The characteristics of the North Atlantic jet stream play a key role in the weather and climate of western Europe. By combining model-based predictions of the sea surface temperature with the observed relationship between precipitation and sea surface temperature, Simpson and colleagues demonstrate a great potential for skilful predictions of decadal average March precipitation over western Europe.

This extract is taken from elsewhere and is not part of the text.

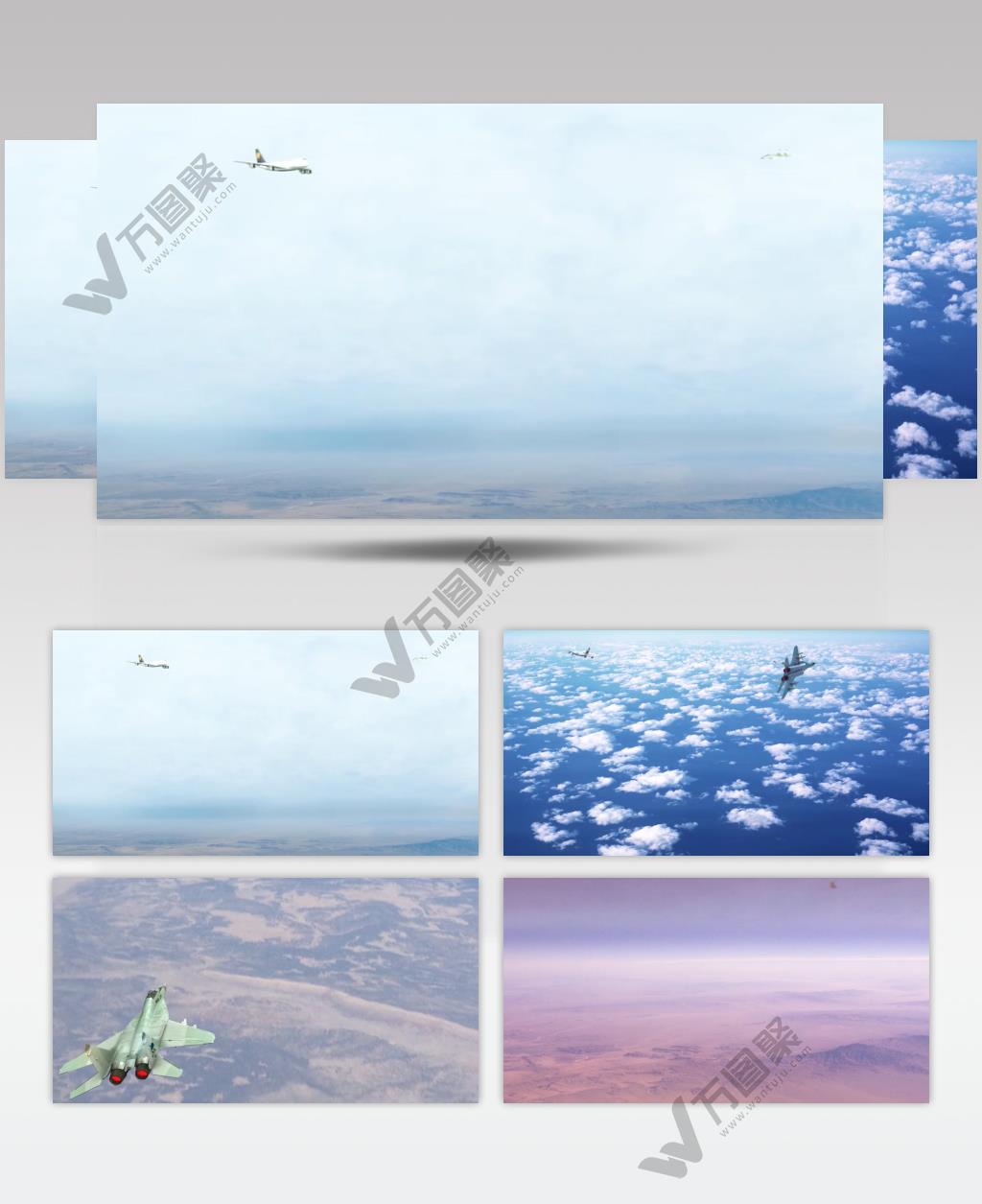 现代信息化空战3D动画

Predicting near-term variability in ocean carbon uptake

In order to assess the potential to predict interannual to decadal changes in the components of Earth’s carbon cycle, decadal prediction systems must be developed that include prognostic biogeochemistry models. Nicole Lovenduski (CU Boulder) collaborated with NCAR scientists S. Yeager, K. Lindsay, and M. Long to assess the potential to predict air-sea fluxes of CO2 on multi-year timescales using the CESM Decadal Prediction Large Ensemble (DPLE). The results show that initialization improves lead year 1 forecasts in all regions, and that some ocean biomes exhibit significant improvements out to lead year 3. The potential skill of globally-integrated air-sea CO2 flux is high (r > 0.6) and significantly improved by initialization out to lead year 2, but such high skill is not seen when verifying against observational global flux products. Nevertheless, this study suggests that multi-year predictions of ocean carbon uptake could be viable in the future as prediction systems improve.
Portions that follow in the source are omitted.